16/03/2023 - 16h31min
Fabrício Carpinejar
Morrer é uma longa fila
Cada um tem o seu lugar. Não tem como sair dele ou ir para trás. A grande escritora Lya Luft, que nos deixou em dezembro de 2021, criou uma imagem extremamente simbólica sobre a morte. Ela dizia que estamos na fila. Morrer é uma longa fila. Cada um tem o seu posto. Não tem como sair dele ou ir para trás. Não tem como voltar para o fim da fila.
É inútil tentar espiar o tumulto na porta da eternidade. A triagem permanece longe da sua consciência e do seu ângulo de visão. O fluxo de pessoas dobra o quarteirão. Você não enxerga o quanto ainda precisará andar. Nem o quanto já percorreu.

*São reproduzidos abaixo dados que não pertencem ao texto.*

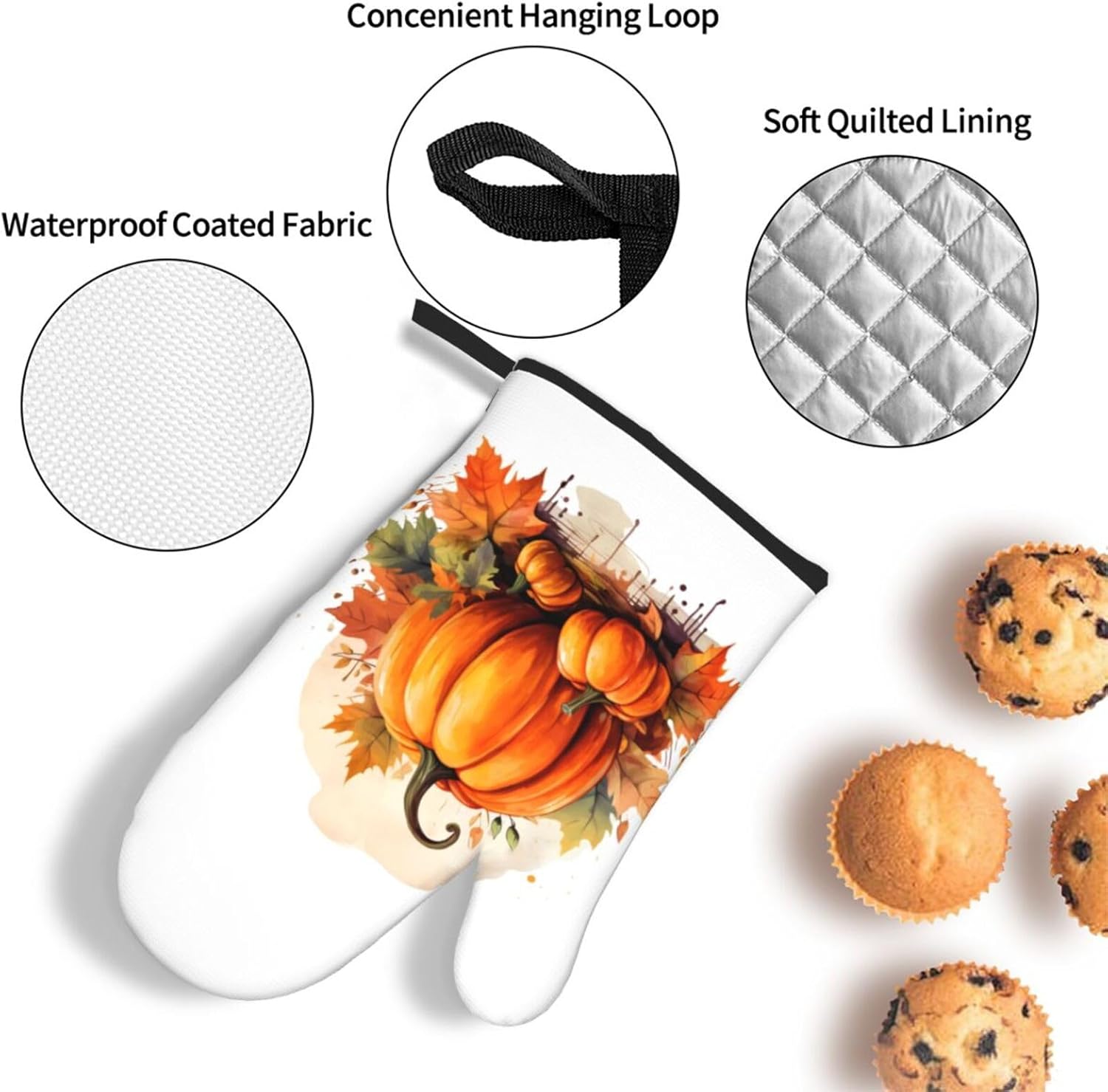 3-Pack Heat Resistant Oven Mitts Non-Slip Potholders for Kitchen Use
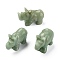 Natural Green Aventurine Carved Healing Rhinoceros Figurines, Reiki Stones Statues for Energy Balancing Meditation Therapy, 52~58x21.5~24x35~37mm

A morte é inegociável. Pode ter quarenta anos e estar se aproximando do desenlace. Pode ter 80 anos e ainda experimentar um longo tempo de pé. A cada dia, você avança mais um pouco para a sua despedida. Um dia a mais é também um dia a menos.
Não importa quem você é, o quanto acumulou de dinheiro e de posses. Não há como vender o seu lugar ou comprar um mais distante. A morte é inegociável. Não vai funcionar carteiraço, muito menos desafiar os fiscais e os anjos perguntando se não sabem com quem estão falando.
Sucesso e fama não garantirão um espaço vip. Milhões de seguidores nas redes sociais não reduzirão o tamanho da sua solidão. Somos todos pobres no fim. Sem malas. Sem bagagens. Sem documentos. Sem bolsa. Sem passaporte. O que vale é o que carregamos em nosso coração, nada mais.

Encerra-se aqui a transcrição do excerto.